**Task item:** Without the pictures, retype exactly the lines from the top of the entries below through the line that contains "This is log".

=== Recorded data ===

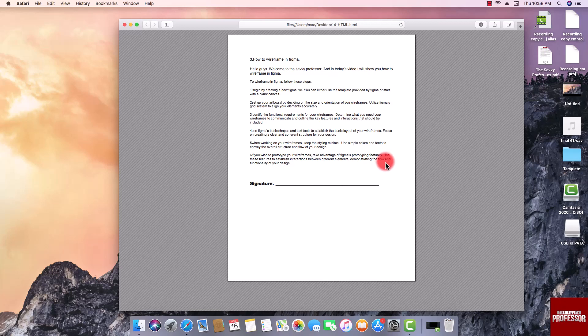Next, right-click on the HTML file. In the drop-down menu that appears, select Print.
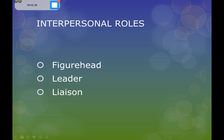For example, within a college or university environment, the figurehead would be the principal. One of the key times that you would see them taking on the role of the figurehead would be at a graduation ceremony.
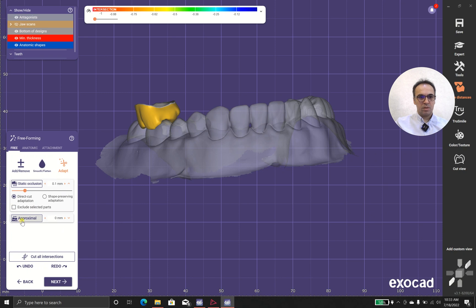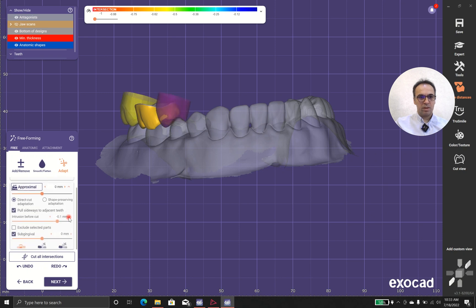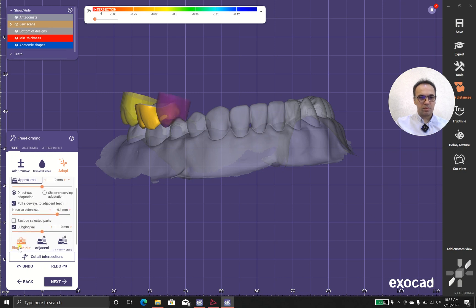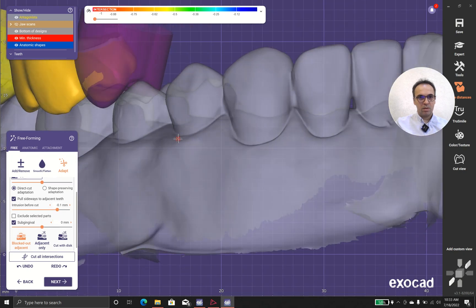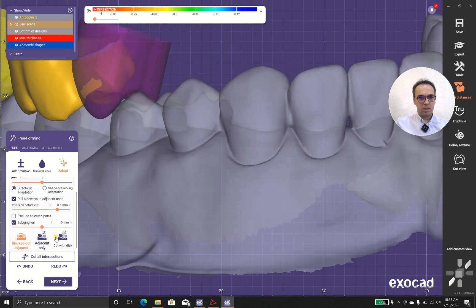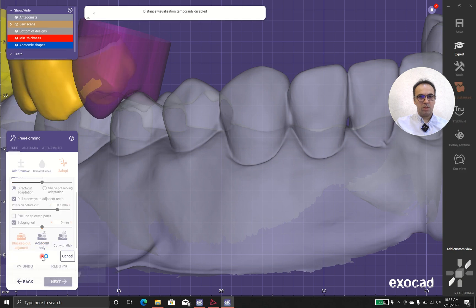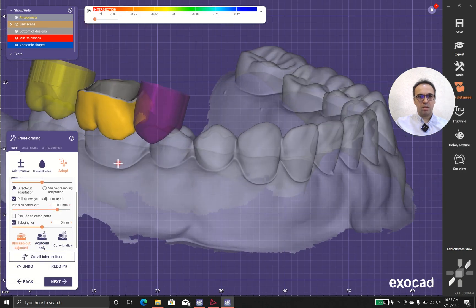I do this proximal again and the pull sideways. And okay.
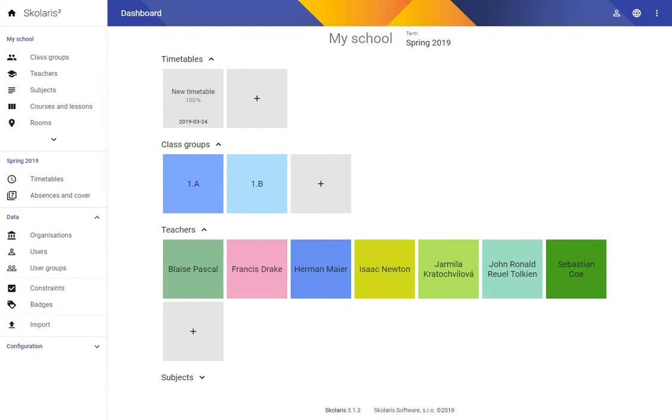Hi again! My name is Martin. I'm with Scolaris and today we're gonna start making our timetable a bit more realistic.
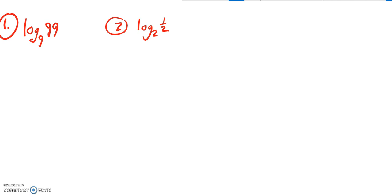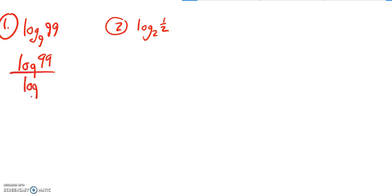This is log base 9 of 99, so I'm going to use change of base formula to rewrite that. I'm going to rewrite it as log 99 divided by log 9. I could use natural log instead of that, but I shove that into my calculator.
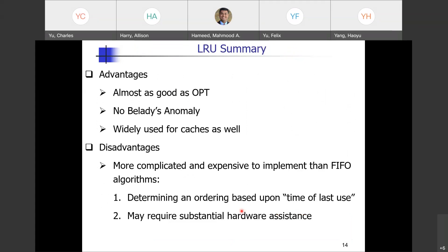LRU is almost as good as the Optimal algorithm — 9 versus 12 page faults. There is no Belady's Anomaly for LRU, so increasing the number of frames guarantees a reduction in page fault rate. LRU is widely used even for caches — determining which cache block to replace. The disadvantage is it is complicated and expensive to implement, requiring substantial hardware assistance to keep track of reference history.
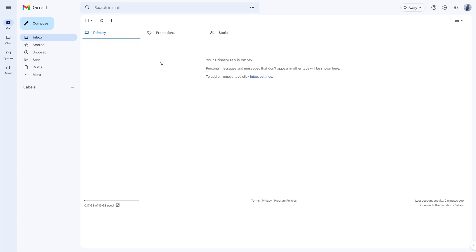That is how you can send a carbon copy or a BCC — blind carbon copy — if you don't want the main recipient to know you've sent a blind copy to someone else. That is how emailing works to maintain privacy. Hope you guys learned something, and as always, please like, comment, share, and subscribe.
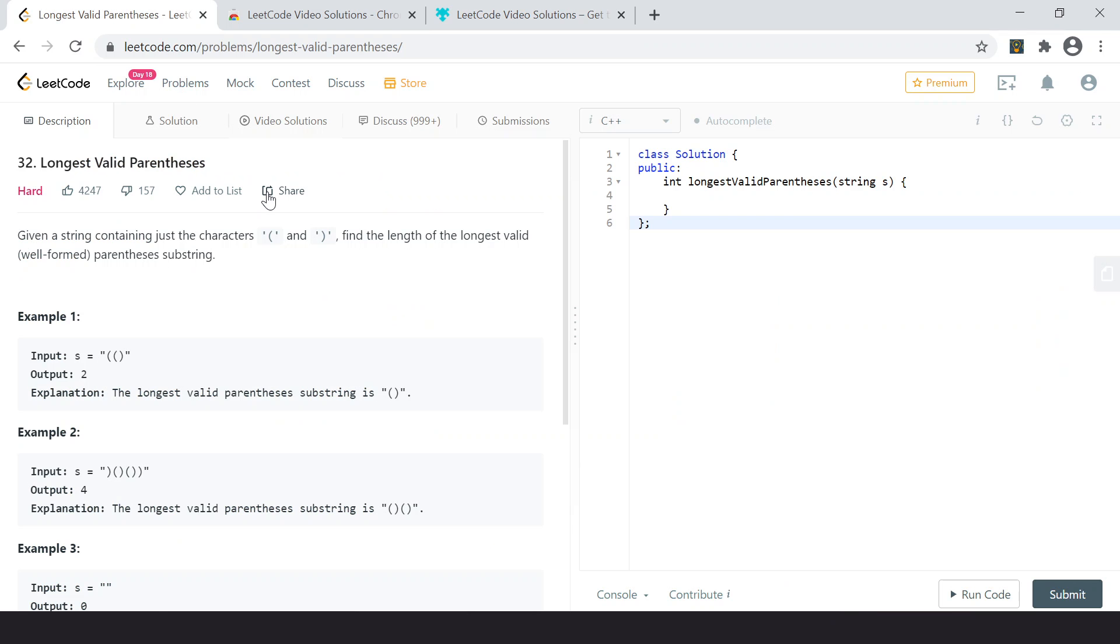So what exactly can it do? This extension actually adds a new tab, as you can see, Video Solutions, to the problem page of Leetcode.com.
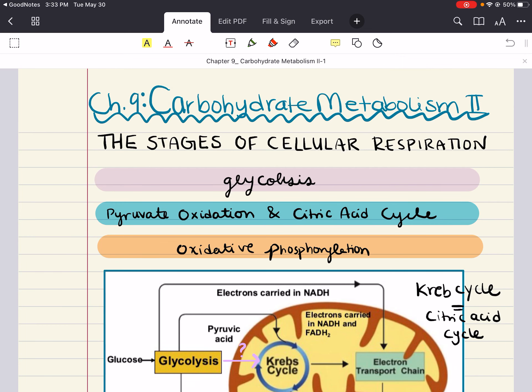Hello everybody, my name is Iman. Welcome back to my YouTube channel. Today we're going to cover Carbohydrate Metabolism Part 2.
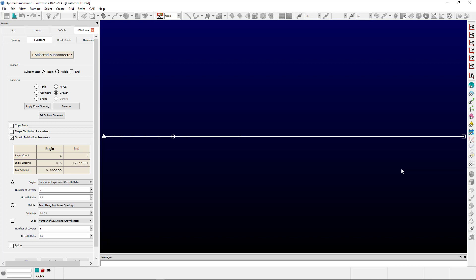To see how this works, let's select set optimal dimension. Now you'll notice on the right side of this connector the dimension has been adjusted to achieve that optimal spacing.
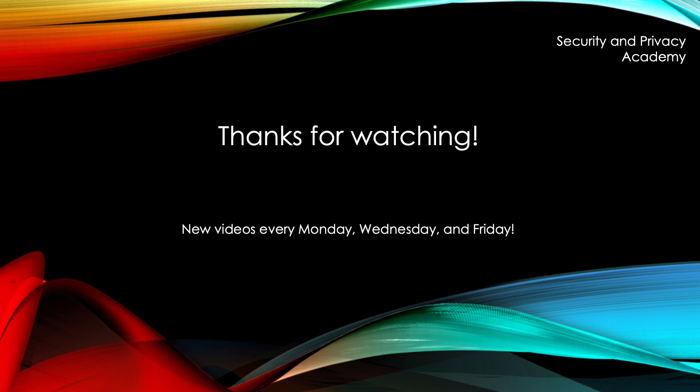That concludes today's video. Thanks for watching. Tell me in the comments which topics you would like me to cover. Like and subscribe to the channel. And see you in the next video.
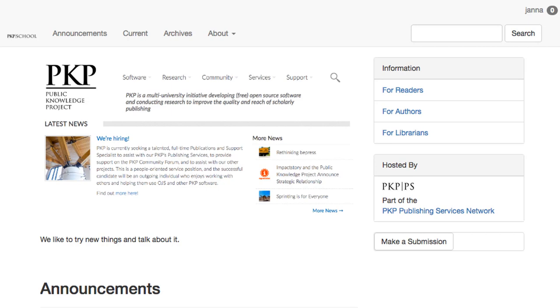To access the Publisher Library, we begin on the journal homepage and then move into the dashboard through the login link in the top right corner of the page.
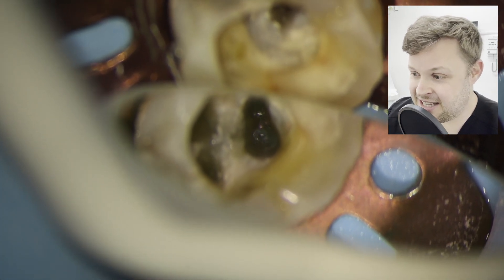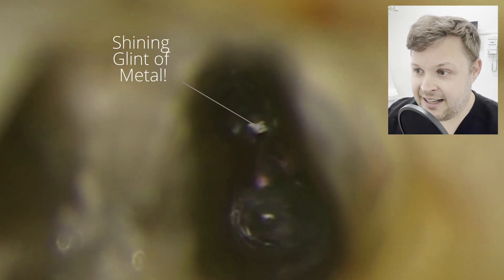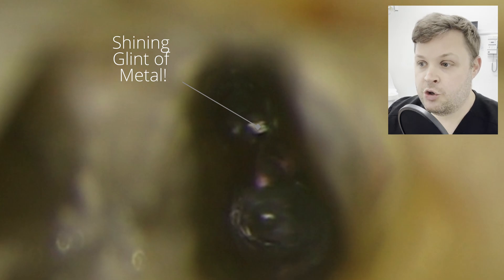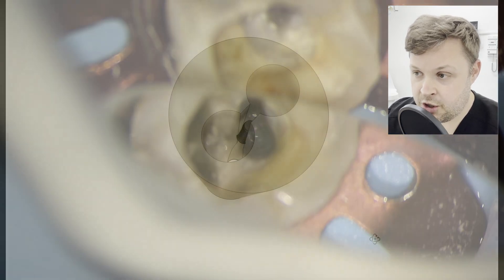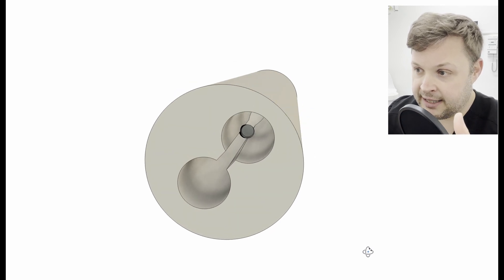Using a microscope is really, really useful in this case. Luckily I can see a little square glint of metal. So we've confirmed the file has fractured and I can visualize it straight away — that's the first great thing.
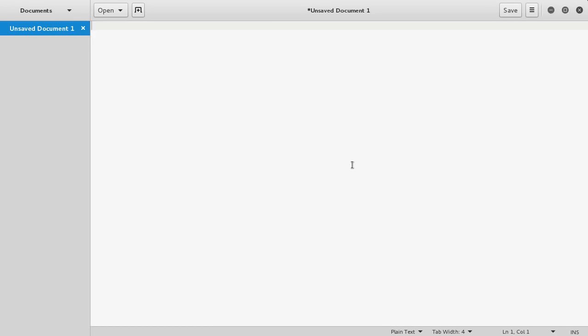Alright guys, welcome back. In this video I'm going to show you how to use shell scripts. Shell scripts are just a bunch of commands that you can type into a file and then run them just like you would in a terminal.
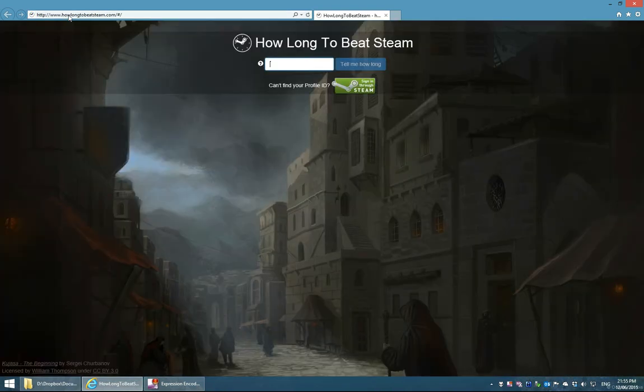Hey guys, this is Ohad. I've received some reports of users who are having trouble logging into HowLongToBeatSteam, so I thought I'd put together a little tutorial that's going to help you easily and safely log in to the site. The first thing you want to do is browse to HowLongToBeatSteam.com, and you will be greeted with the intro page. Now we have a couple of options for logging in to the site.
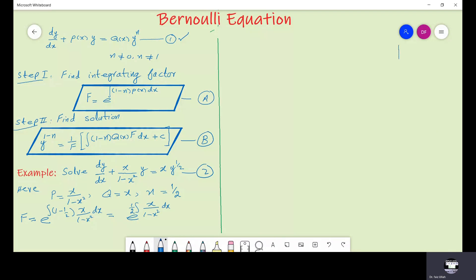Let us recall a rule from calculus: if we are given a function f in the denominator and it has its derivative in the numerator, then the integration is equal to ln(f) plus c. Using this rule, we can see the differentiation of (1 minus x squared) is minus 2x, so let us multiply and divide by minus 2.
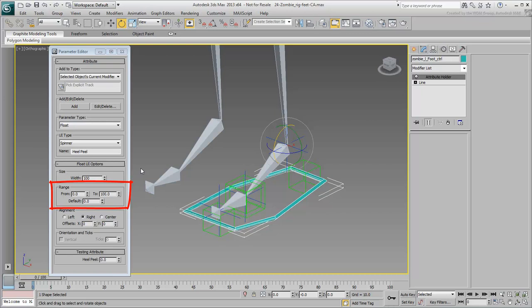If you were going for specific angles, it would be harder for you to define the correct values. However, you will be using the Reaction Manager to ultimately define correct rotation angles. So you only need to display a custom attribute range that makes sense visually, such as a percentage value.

===

**Problem solution:**
Next, right-click on the HTML file. In the drop-down menu that appears, select Print.
For example, within a college or university environment, the figurehead would be the principal. One of the key times that you would see them taking on the role of the figurehead would be at a graduation ceremony.
I do this proximal again and the pull sideways. And okay.
Hi again! My name is Martin. I'm with Scolaris and today we're gonna start making our timetable a bit more realistic.
This is log base 9 of 99, so I'm going to use change of base formula to rewrite that. I'm going to rewrite it as log 99 divided by log 9. I could use natural log instead of that, but I shove that into my calculator.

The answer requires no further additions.